I loaded my Maverick with a bonefish taper and use it for smaller flies since I already have an NRX with a redfish taper set up for heavier, weighted flies.

Like you, I bought the Maverick as a back up rod to my NRX. But I find myself grabbing it ahead of the NRX at times.


----------



## tntarpon (Jan 4, 2020)

IMO, after casting several at that price point, it is the best on the market in that price range. It is a lot of rod for the money.


----------



## Feltonard (Nov 6, 2019)

Thanks for all the responses, I think I’m sold!


----------



## ShannonD (Aug 25, 2013)

Love my 8wt. Darn thing is extremely accurate for my casting style. Great distance as well.


----------



## Loogie (Jul 24, 2019)

You will not find a better performing rod for the dollars ratio. My 7wt Maverick is superb, an absolutely fabulous rod in that weight, nothing even comes close! In an 8wt its even in performance with my NRX. Obviously this is just my opinion of using the rods and my style of casting.


----------



## bknot (Sep 18, 2020)

I have the 9 wt, smooth and fast without being a broomstick. It does like a nice linear casting stroke, but which rod doesn’t?


----------



## crboggs (Mar 30, 2015)

Loogie said:


> In an 8wt its even in performance with my NRX. Obviously this is just my opinion of using the rods and my style of casting.


I carry an 8wt NRX and Maverick each time I am on the skiff and felt like I need to speak up here a bit.

The Maverick will NOT pick up line (water haul) nearly as well as the NRX...IMHO.

That's a big deal on an open flat where you may be making long reach casts or re-casts.
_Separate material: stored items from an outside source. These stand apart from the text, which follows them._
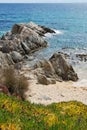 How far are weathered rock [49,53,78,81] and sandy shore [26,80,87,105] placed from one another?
10.2ft

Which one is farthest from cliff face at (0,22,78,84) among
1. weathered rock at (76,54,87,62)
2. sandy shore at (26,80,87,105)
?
weathered rock at (76,54,87,62)

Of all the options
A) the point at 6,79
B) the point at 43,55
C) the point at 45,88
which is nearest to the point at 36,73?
the point at 45,88

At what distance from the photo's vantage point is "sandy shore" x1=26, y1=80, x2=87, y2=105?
29875mm

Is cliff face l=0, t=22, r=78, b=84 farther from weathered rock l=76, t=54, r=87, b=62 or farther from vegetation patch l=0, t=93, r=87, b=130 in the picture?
vegetation patch l=0, t=93, r=87, b=130

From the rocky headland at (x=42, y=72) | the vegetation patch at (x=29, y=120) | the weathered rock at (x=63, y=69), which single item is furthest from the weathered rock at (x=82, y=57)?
the vegetation patch at (x=29, y=120)

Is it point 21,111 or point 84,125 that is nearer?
point 84,125

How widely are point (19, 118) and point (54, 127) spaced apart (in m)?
0.80

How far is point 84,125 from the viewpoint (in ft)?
28.3

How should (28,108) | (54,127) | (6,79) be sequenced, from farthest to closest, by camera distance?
(6,79) < (28,108) < (54,127)

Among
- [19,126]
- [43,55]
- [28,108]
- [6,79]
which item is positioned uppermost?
[19,126]

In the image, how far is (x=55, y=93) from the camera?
1262 inches

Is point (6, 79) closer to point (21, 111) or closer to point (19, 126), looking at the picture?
point (21, 111)

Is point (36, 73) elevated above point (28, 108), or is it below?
below

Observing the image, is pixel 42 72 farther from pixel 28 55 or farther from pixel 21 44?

BUT...I actually like the Maverick better for close shots or working backwater edges / points as I feel its got more finesse when paired with the right leader / fly.


----------



## Loogie (Jul 24, 2019)

crboggs said:


> I carry an 8wt NRX and Maverick each time I am on the skiff and felt like I need to speak up here a bit.
> 
> The Maverick will NOT pick up line (water haul) nearly as well as the NRX...IMHO.
> 
> ...


I would definitely agree with your assessment of the NRX and Maverick. The long haul is better with the NRX, no doubt.


----------



## jay.bush1434 (Dec 27, 2014)

Some good reviews on this forum about the Maverick from last year. I love my 8wt Mav, got it when they were first released. Its a joy to cast all day.


----------



## saltyhackle (Jun 28, 2020)

@bknot and @crboggs are spot on. Great finesse rod, when paired with the right line AND fly. I own both the 6 and 8, both with sa bonefish and I absolutely love it for appropriately sized and weighted flies. The 8wt is definitely is not as nice with #1 and up, in my experience, but that is mostly due to the line I feel. I will be getting a heavier taper line soon since summer is rolling around and I want to throw bigger patterns for our river tarpon. I casted every rod in the mid-range price (except the recon 2) and I think its the best performing.


----------



## Pierson (Mar 16, 2016)

I picked up the 11wt Maverick for a recent trip to the Everglades having never cast one. It may be because I was throwing a super long leader but I found the rod to really wake up once you got the line taper out of the rod tip. Once you had about 20 feet of line in the air you could bomb it out to 80 no problem. But it did not have great response in close. Again I was throwing a 13' leader so that probably had something to do with it. Ended up hooking a couple and landing one. Fighting power was great. 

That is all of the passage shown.